Russian chemist (1838–1906)

Friedrich Konrad Beilstein (Фёдор Фёдорович Бейльштейн; 17 February 1838 – 18 October 1906), was a Russian chemist and founder of the famous Handbuch der organischen Chemie (Handbook of Organic Chemistry). The first edition of this work, published in 1881, covered 1,500 compounds in 2,200 pages. This handbook is now known as the Beilstein database.

==Life==
Beilstein was born in Saint Petersburg in a family of German descent. Although he mastered the Russian language, he was educated in a German school. At the age of 15, he left for Heidelberg University where he studied chemistry under the tuition of Robert Bunsen. After two years he moved to the Ludwig-Maximilians-Universität München and became a pupil of Justus Liebig, but soon returned to Heidelberg University. There he acquired an interest and preference for organic chemistry, which became his major. For his Ph.D., Beilstein joined Friedrich Wöhler at the University of Göttingen, receiving his doctorate in February 1858, two days before his twentieth birthday.
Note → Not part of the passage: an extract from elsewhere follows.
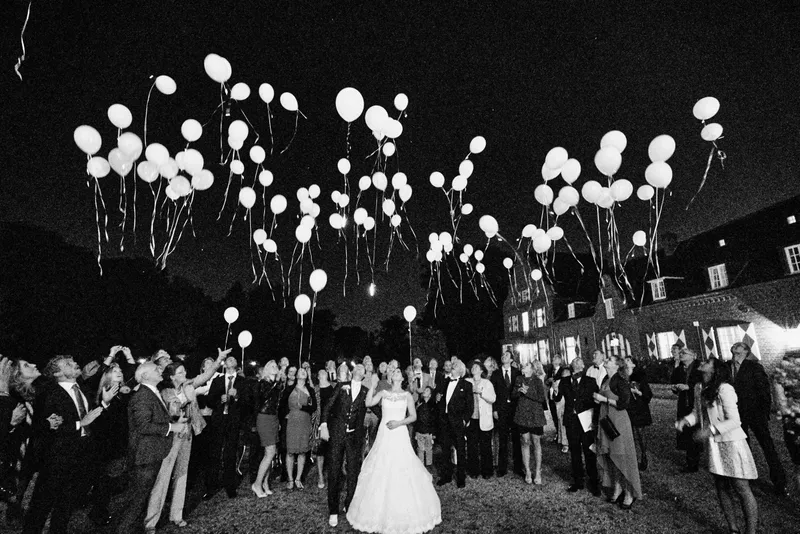 Alle gasten laten in het donker witte ballonnen op, in zwart-wit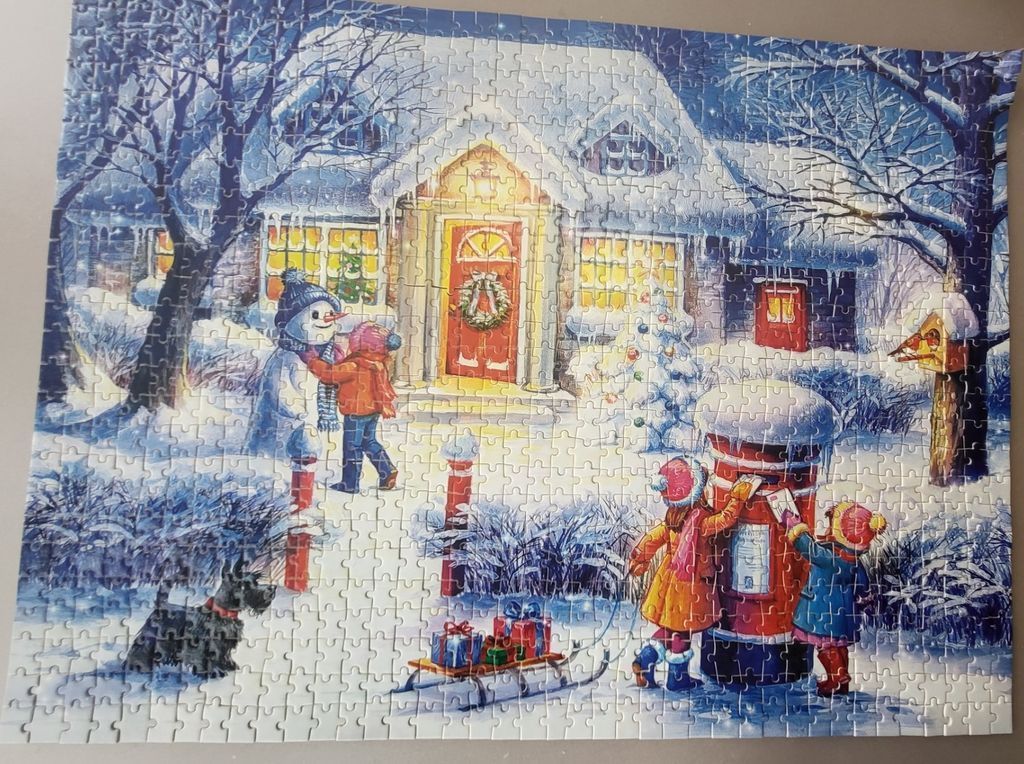 A cozy winter scene featuring a cottage, children posting mail, and a snowman in the snow.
To increase his skill and experience he went to Paris to work with Adolphe Wurtz and Charles Friedel. In autumn of 1859, he accepted an invitation for a post of laboratory assistant at the University of Breslau offered to him by Carl Jacob Löwig, but soon changed it for the University of Göttingen. There, he became Privatdozent and lectured in organic chemistry. In 1865, he received the title of "Professor Extraordinarius" (i.e. assistant professor). In addition, he became editor of the journal the Zeitschrift für anorganische und allgemeine Chemie. His research in that time was focused on the isomerism of the derivatives of the benzene series. In particular, he discovered the relations between chlorotoluene and benzyl chloride.

At the University of Göttingen, Beilstein began to collect systematic notes on organic compounds which finally led to the production of his famous handbook published in Hamburg. The first edition, which Beilstein compiled single-handedly, appeared in 1881–83 in two volumes, and was rapidly exhausted. The second edition began to appear in 1886 and filled three volumes of larger size than the first. The third edition was commenced in 1893, and its four volumes became unwieldy. It was finished in 1900, and has been supplemented by four large volumes of additions edited by the German Chemical Society, which became the proprietor of the handbook. S.R Heller. The Beilstein Online Database An Introduction. The Beilstein Online Database ACS Symposium Series; American Chemical Society: Washington, DC, 1990.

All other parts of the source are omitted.